The world of finance & investments is like a giant iceberg. Investment vehicles like stocks, bonds, and mutual funds form its upper portion – for all types of investors to see and visit. In the depths, far from the reaches of the retail investor, lies the relatively obscure investment vehicle known as Hedge Fund. To explore it, you must be an experienced investor, and more importantly, a rich one.
Hedge Funds 101: What is a hedge fund?
A hedge fund is a type of alternative investment that pools funds from multiple investors and is set up as a limited partnership. Since it is a partnership, a typical hedge fund is not open to any and every investor. Hedge fund investors must be creditworthy and possess a sufficient amount of wealth. However, smaller investors can also indirectly invest in hedge funds by investing in a company known as a ‘Fund of funds’, whose investment strategy is to invest in multiple hedge funds.
How are hedge funds operated?
The investors in a hedge fund are the limited partners and the firm that manages the fund is the general partner. For managing the fund and generating returns to the investors, the general partner demands a management fee from the investors. While there are varying fee structures, the most common is the ‘2 and 20’ fee structure.
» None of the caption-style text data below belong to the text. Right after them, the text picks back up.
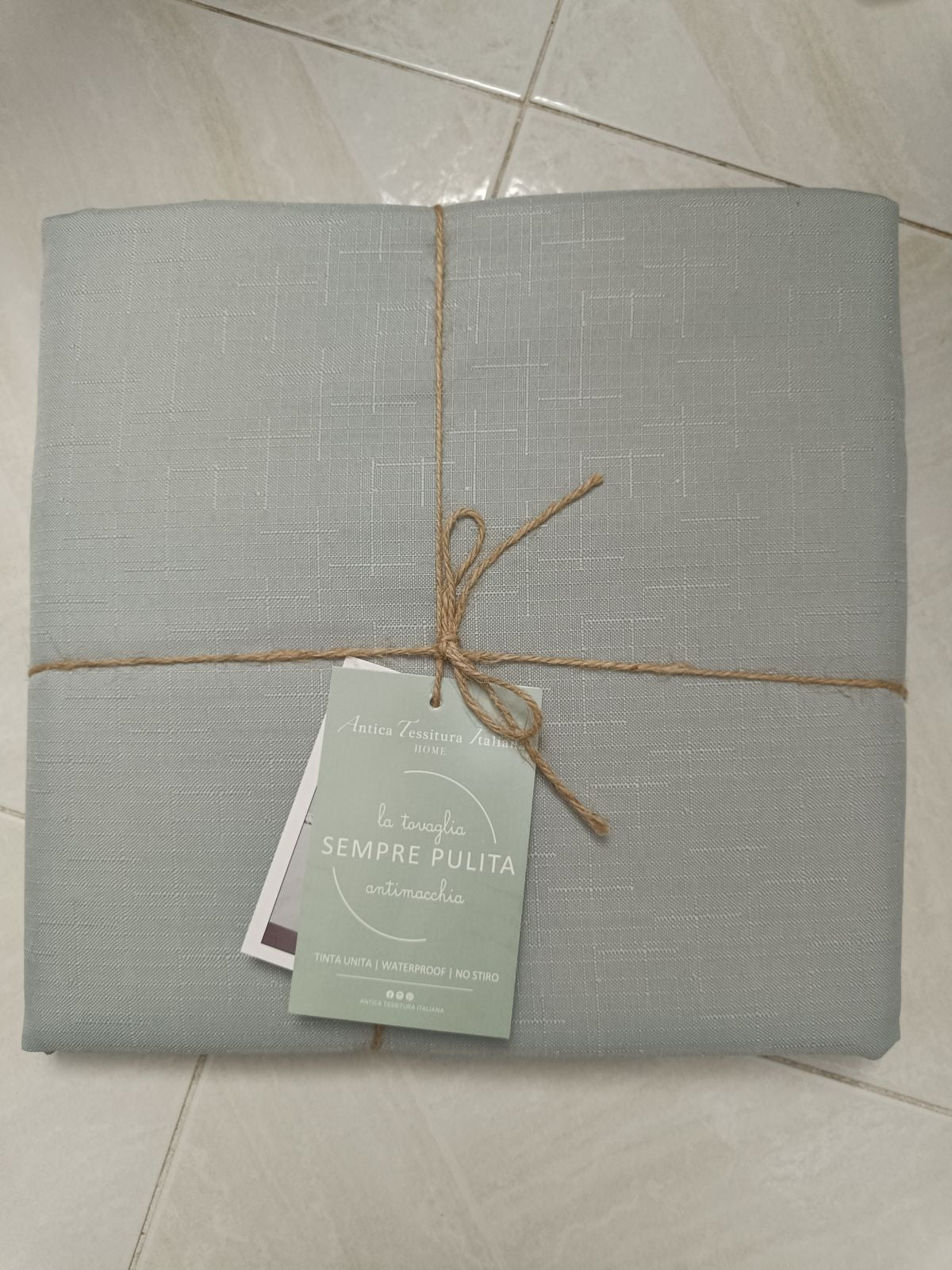 Tovaglia da Tavola Antica Tessitura Italiana Sempre Pulita X12 Poliestere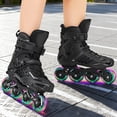 thumbnail image 3 of 1 par de patines en línea para hombre adulto: Patines para exteriores - Patines para principiantes con equipo de protección y freno trasero para pista de club, talla 40-41, 3 of 7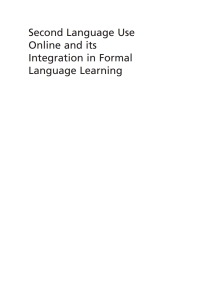 Cover image: Second Language Use Online and its Integration in Formal Language Learning 9781800413627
The general partner receives a fee from the limited partners that is 2 percent of the assets under management, and 20 percent of any surplus gains generated over the course of the investment period.
What makes them different from traditional investments?
Investments in hedge funds are substantially large. As a result, they are less liquid than other investment types, with definite lockup periods that prevent early withdrawal. Another distinctive feature of hedge funds is that they are not as transparent as other investment vehicles. They are not obligated to disclose their numbers and investment strategies to the public or regulatory bodies. Since hedge funds are not subjected to much regulation, it is imperative for investors to perform their due diligence with utmost scrutiny before investing in one.
In essence, the profitability of a hedge fund depends on its fund manager. Hedge fund managers are known to follow aggressive investment strategies of varying types, with the common objective of generating the highest alpha, which is the excess return against the benchmark. They often employ significant amounts of leverage or debt, taking long and/or short positions in not only stocks, but also other asset classes like commodities, currencies, and real estate. Hedge fund managers are expected to be at the top of the league, with an in-depth understanding of the financial market and world economy. Strong foresight, risk-taking ability, and analytical proficiency are quintessential to be able to provide investors a return on their investment.
Hedge Fund Legends
In 2008, when the financial crisis had just hit the global economy, most hedge funds made significant losses because the U.S. subprime mortgage market collapsed. Michael Burry was one of the very few hedge fund managers who anticipated the crash, and made an investment decision that was ridiculed by all those around him – his analysis and insight led him to bet against the housing market by buying large amounts of credit default swaps (read: insurance) on subprime mortgages. He liquidated his swaps at the peak of the crisis and generated returns of over 400% for his hedge fund, besides gains in millions of dollars for himself. The moral of the story is that hedge fund managers are constantly on the lookout for market opportunities that are relatively unexplored in order to profit as much as possible.
Why Hedge Funds?
Hedge funds are fundamentally high risk, high return investment vehicles. Their complicated nature and intricate strategies require investors to be wary and well-researched before investing. Nevertheless, hedge funds are a good alternative for diversifying a portfolio in order to achieve extra returns. Before making an investment, an investor should evaluate a hedge fund in the context of his/her entire portfolio and risk/return objectives. Despite how intimidating they seem to be, hedge funds can prove to be lucrative investments.